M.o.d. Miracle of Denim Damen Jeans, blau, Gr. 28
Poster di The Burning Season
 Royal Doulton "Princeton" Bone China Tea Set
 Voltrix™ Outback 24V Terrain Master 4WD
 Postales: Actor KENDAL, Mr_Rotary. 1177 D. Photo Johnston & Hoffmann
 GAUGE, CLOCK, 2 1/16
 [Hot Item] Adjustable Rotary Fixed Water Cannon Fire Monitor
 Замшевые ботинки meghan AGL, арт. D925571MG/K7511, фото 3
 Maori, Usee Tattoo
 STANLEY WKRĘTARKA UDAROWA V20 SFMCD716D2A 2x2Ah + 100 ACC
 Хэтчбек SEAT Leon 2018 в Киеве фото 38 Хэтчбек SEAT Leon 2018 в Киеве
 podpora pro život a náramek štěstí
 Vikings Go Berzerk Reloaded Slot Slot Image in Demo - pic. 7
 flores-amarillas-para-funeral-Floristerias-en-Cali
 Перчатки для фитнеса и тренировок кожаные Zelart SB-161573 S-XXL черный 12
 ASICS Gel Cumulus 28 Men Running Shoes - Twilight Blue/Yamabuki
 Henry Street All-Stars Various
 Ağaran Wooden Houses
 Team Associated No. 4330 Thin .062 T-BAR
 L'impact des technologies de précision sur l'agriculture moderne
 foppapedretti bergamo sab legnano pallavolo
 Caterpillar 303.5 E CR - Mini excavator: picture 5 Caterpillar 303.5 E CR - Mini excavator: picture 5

========

WHAT TO PRODUCE.
Set down the records again in full. Match them exactly.

SOLVED PROBLEM.
M.o.d. Miracle of Denim Damen Jeans, blau, Gr. 28
Poster di The Burning Season
 Royal Doulton "Princeton" Bone China Tea Set
 Voltrix™ Outback 24V Terrain Master 4WD
 Postales: Actor KENDAL, Mr_Rotary. 1177 D. Photo Johnston & Hoffmann
 GAUGE, CLOCK, 2 1/16
 [Hot Item] Adjustable Rotary Fixed Water Cannon Fire Monitor
 Замшевые ботинки meghan AGL, арт. D925571MG/K7511, фото 3
 Maori, Usee Tattoo
 STANLEY WKRĘTARKA UDAROWA V20 SFMCD716D2A 2x2Ah + 100 ACC
 Хэтчбек SEAT Leon 2018 в Киеве фото 38 Хэтчбек SEAT Leon 2018 в Киеве
 podpora pro život a náramek štěstí
 Vikings Go Berzerk Reloaded Slot Slot Image in Demo - pic. 7
 flores-amarillas-para-funeral-Floristerias-en-Cali
 Перчатки для фитнеса и тренировок кожаные Zelart SB-161573 S-XXL черный 12
 ASICS Gel Cumulus 28 Men Running Shoes - Twilight Blue/Yamabuki
 Henry Street All-Stars Various
 Ağaran Wooden Houses
 Team Associated No. 4330 Thin .062 T-BAR
 L'impact des technologies de précision sur l'agriculture moderne
 foppapedretti bergamo sab legnano pallavolo
 Caterpillar 303.5 E CR - Mini excavator: picture 5 Caterpillar 303.5 E CR - Mini excavator: picture 5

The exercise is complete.